Wednesday, May 25, 2016


Wednesday, May 25, 2016

            We spent a good part of the long weekend up in Goderich where our youngest daughter and her fiancé have made their home.  We hadn’t seen them lately, so it was great to have a long visit. The weather was perfect. We toured the farmer’s market and the beach and ate at a good local restaurant down by the water.  We especially enjoyed meeting Finzy for the first time – a gregarious, eight-months old, Newfie dog. It was hard to come back home.

            You may recall that Goderich was the small town who was ravaged by a F3 tornado in 2011. The downtown was hit especially hard. Stores, businesses, churches were utterly destroyed. There is a plaque where the United Church used to be.

            But today, there is scant evidence of the devastation. The town valiantly engaged in rebuilding itself. People pitched in to help each other to pick up the pieces and start anew. There may be a few, old, tree stumps here and there, but the town has survived and thrived and is as good as new; maybe better if they can keep alive the spirit of community and helpful neighbourliness.

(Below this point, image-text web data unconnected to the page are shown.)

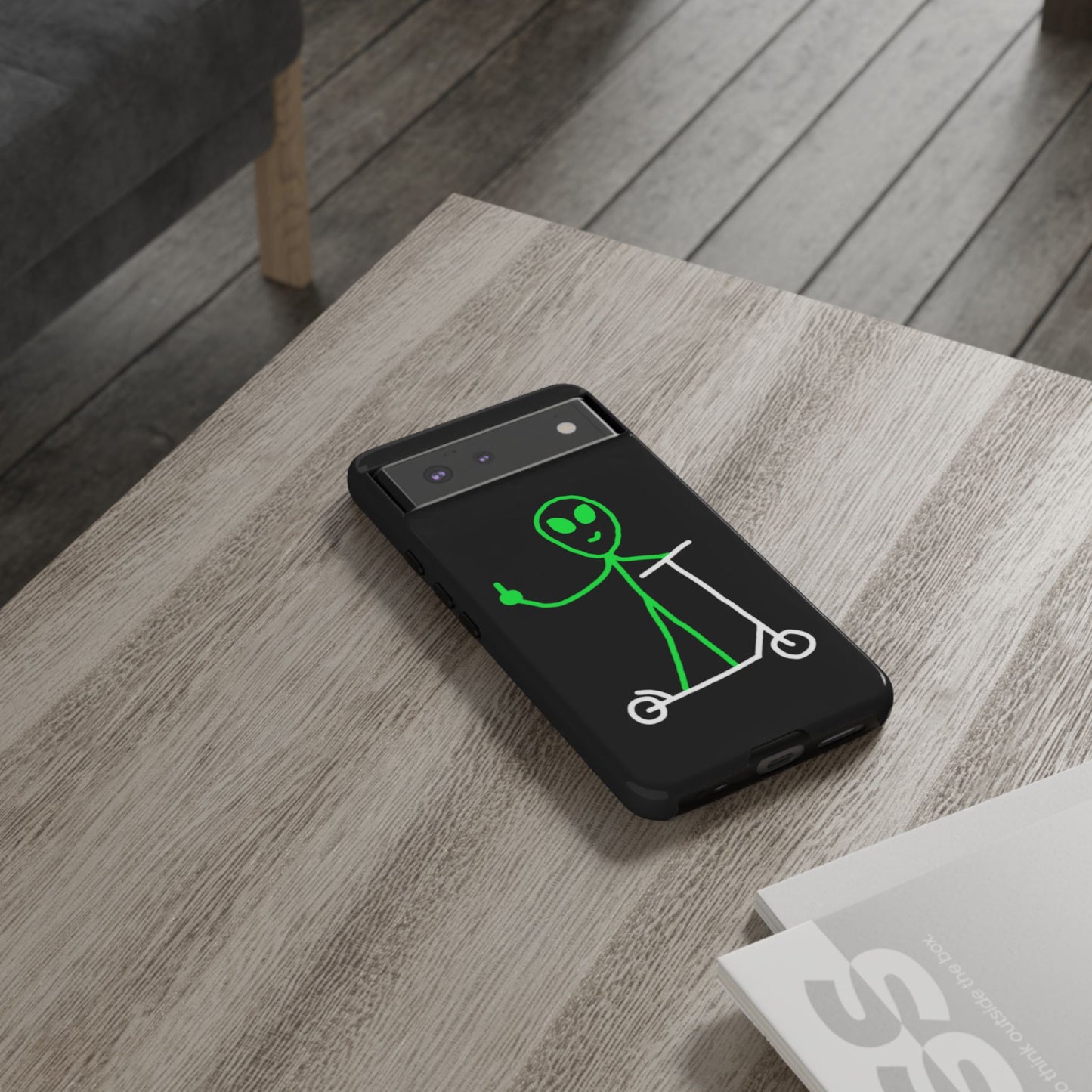 Alien on a Scooter Phone Case (Black)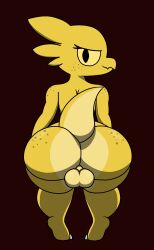 absurd_res anthro ass backsack balls big_balls big_butt cookie-pone eyelashes freckles freckles_on_butt freckles_on_shoulders genitals girly hi_res huge_butt jagged_mouth kobold looking_at_viewer male male_only reptile scales scalie solo solo_male thick_thighs yellow_body yellow_scales yellow_sclera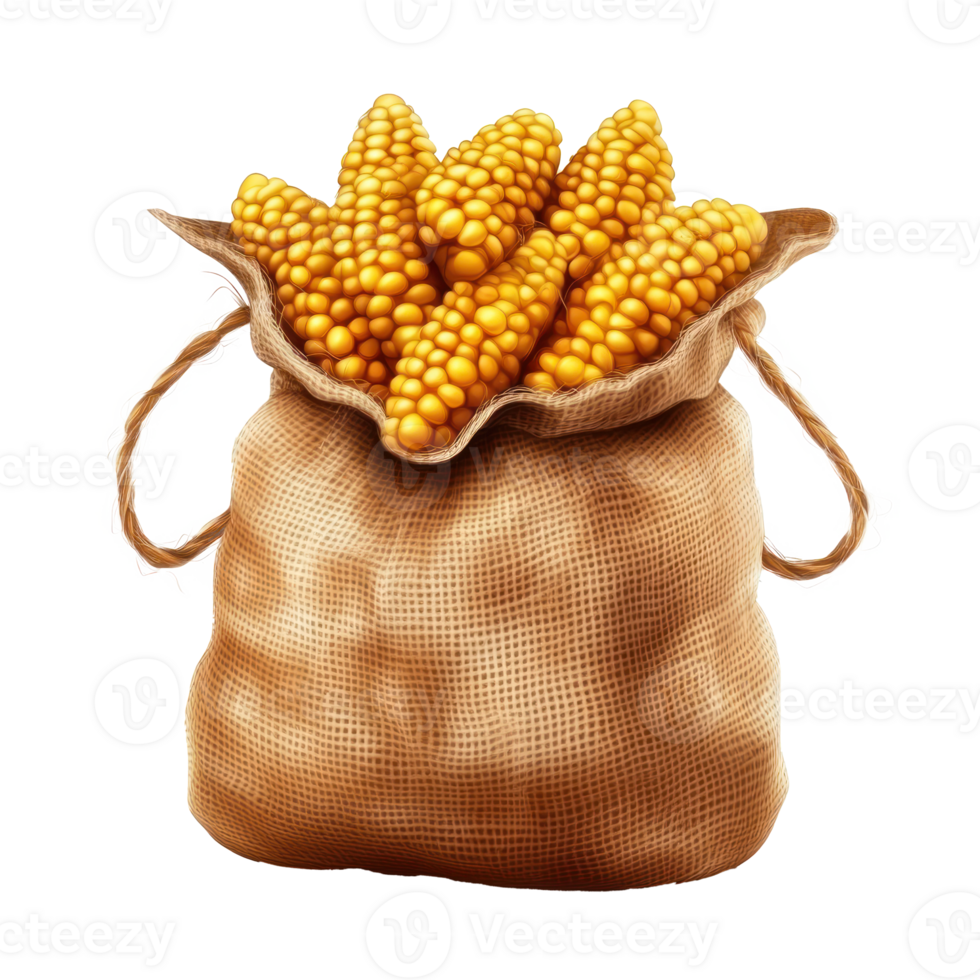 3D icon cartoon corn in sack on transparent background png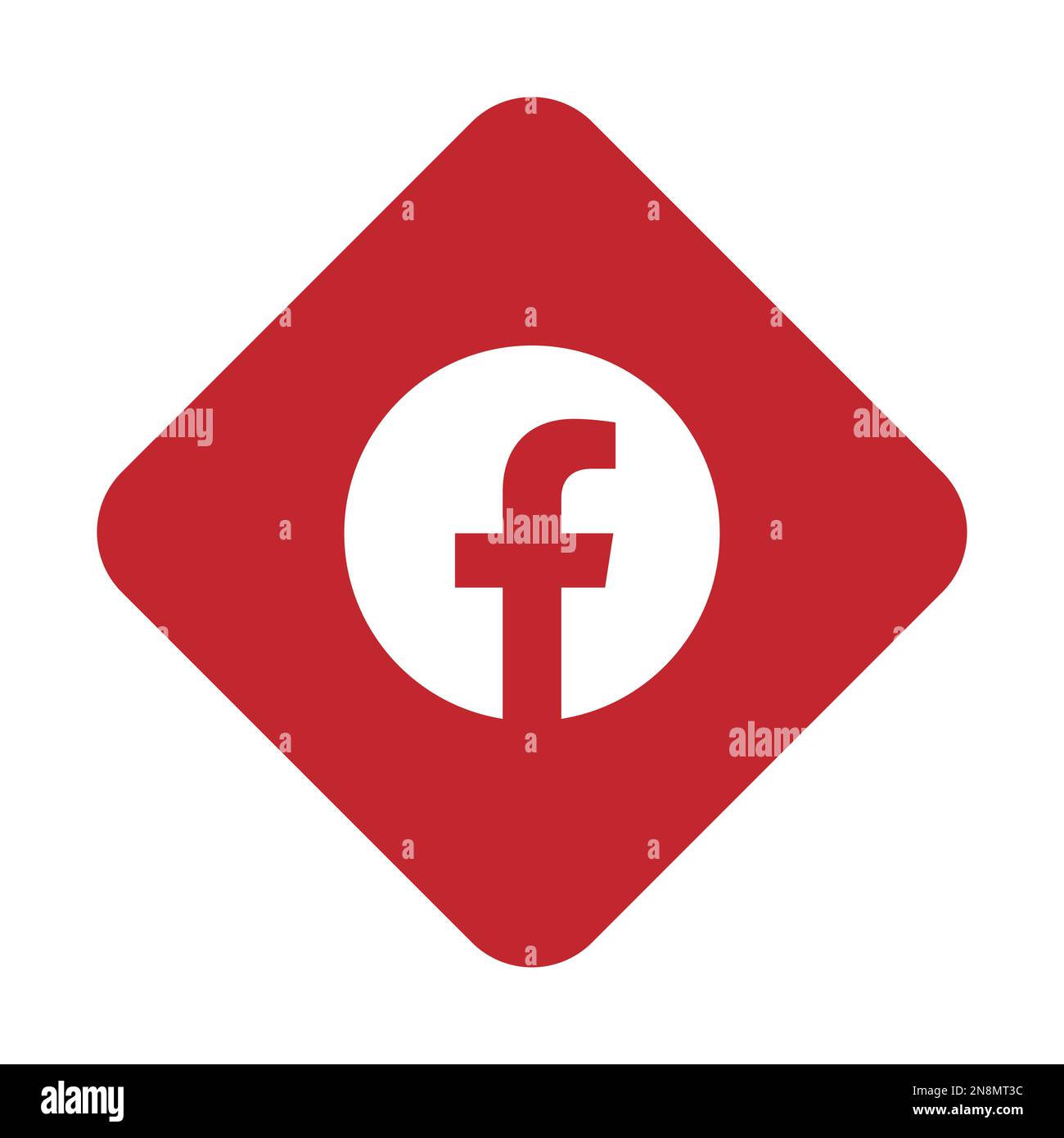 Facebook-App-Symbol für soziale Medien in roter Rhombus-Form. Einfache Darstellung eines flachen Vektors. Stock Vektor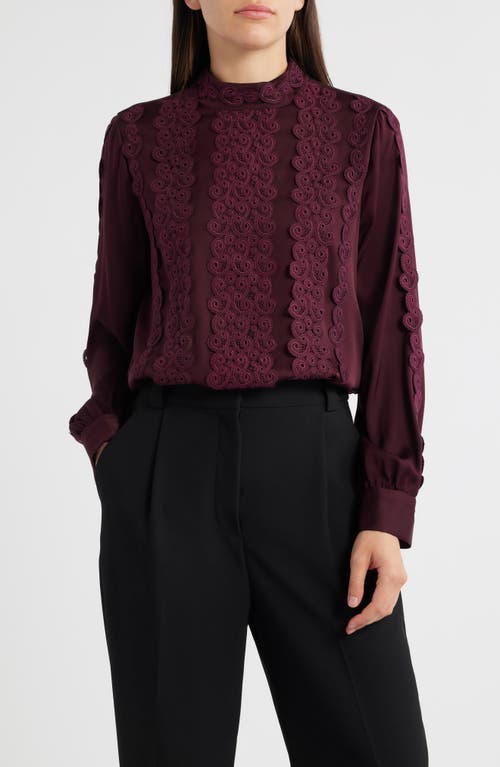 Elie Tahari The Indie Lace Stretch Silk Top In Burgundy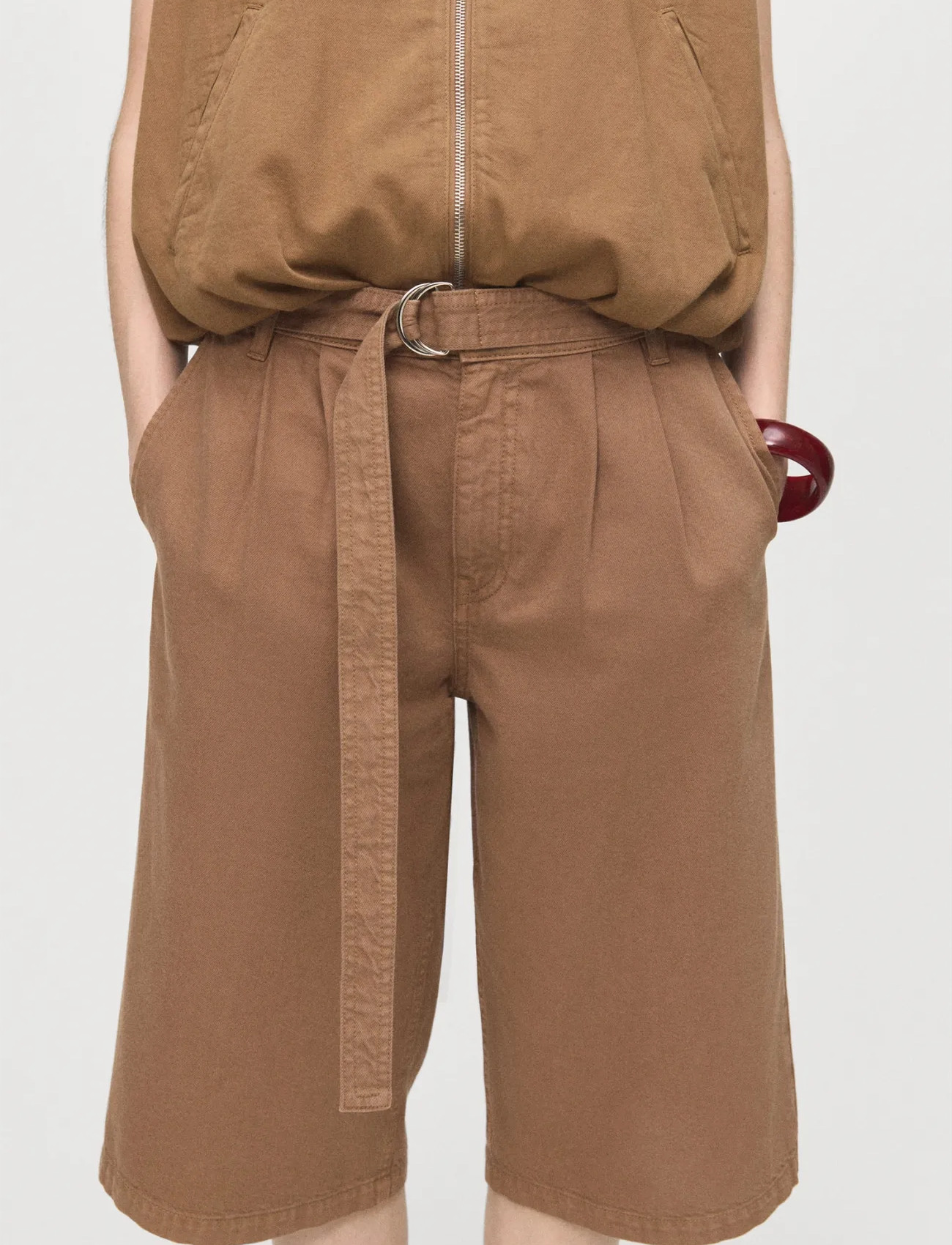 Mango Denim Jorts With Belt, 38, Brown, Shorts > Bermudas, Dame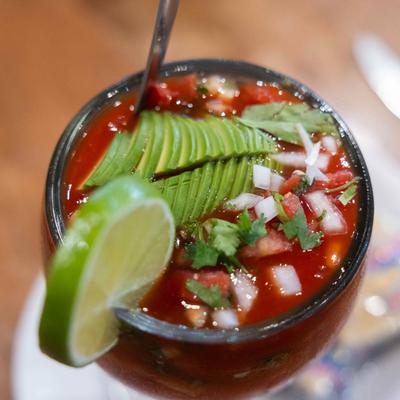 Shrimp Cocktail, closeup.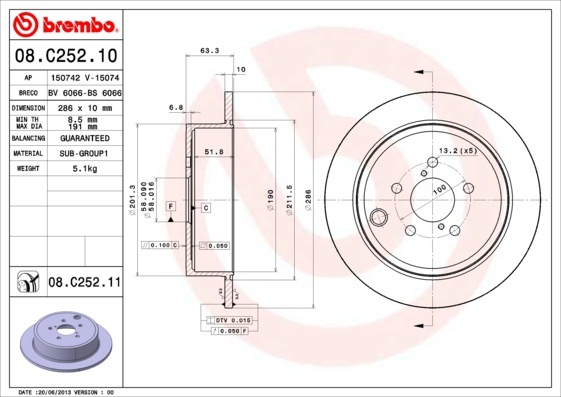 Гальмівний диск 08.C252.11 - зображення 1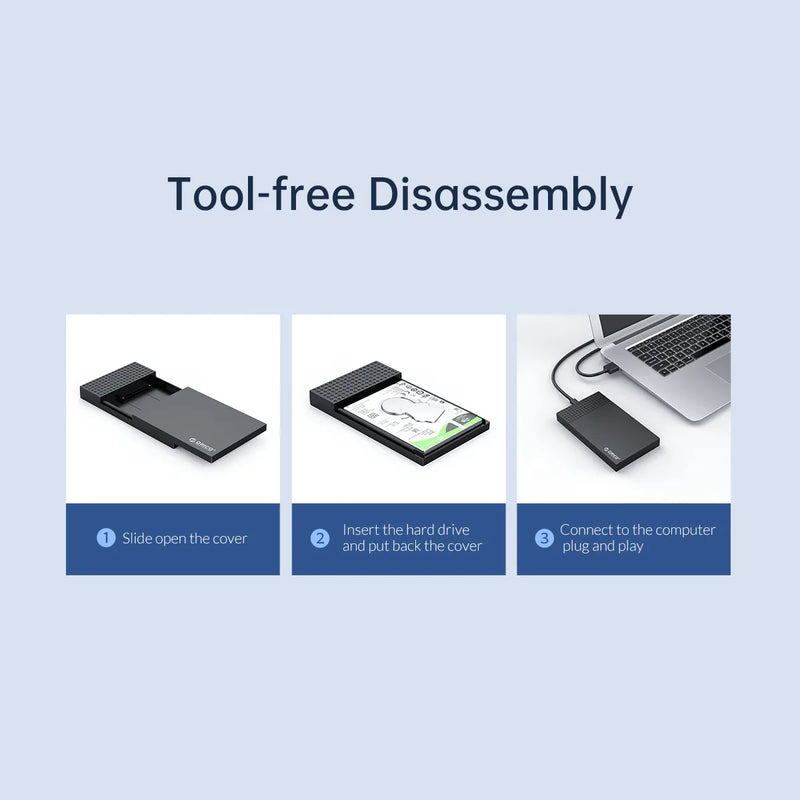 ORICO Type-C External Hard Drive Case SATA to USB3.1 HDD Enclosure for 2.5'' HDD SSD 6Gbps Speed Support UASP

            Stories like what happened in Goderich or what is happening in Fort MacMurray remind us of the resilience, strength and resolve of people under deep duress.  When we come together we make the whole community stronger and better able to face the challenges that are ahead.

            A lot of people believe that the adage, “God helps those who help themselves,” is a verse out of the Bible. It is not!  That doesn’t make it wrong, necessarily, but I would like to suggest that the better, more-approximate, biblical-like, Jesus-like saying would sound more like, “God helps those who help others.”

            Jesus didn’t “invent” the Golden Rule (other religions have their own versions of it), but he did give us the most positive expression of it: “In everything do to others as you would have them do to you,” (Matthew 7:12).  We often leave out the little phrase “in everything”. There are no exceptions in doing good for other people. "Here is a simple, rule-of-thumb guide for behavior: Ask yourself what you want people to do for you, then grab the initiative and do it for them,” (The Message).

            Jesus talked more about what makes for good community than anything else. His concerns were for others every step of his Way. He gave us clear principles to put flesh to the Golden Rule: forgiveness, justice, equality, sharing, non-violence, making sacrifices, trust, kindness, and the list goes on.

            It shouldn’t take a disaster to call these qualities out of us.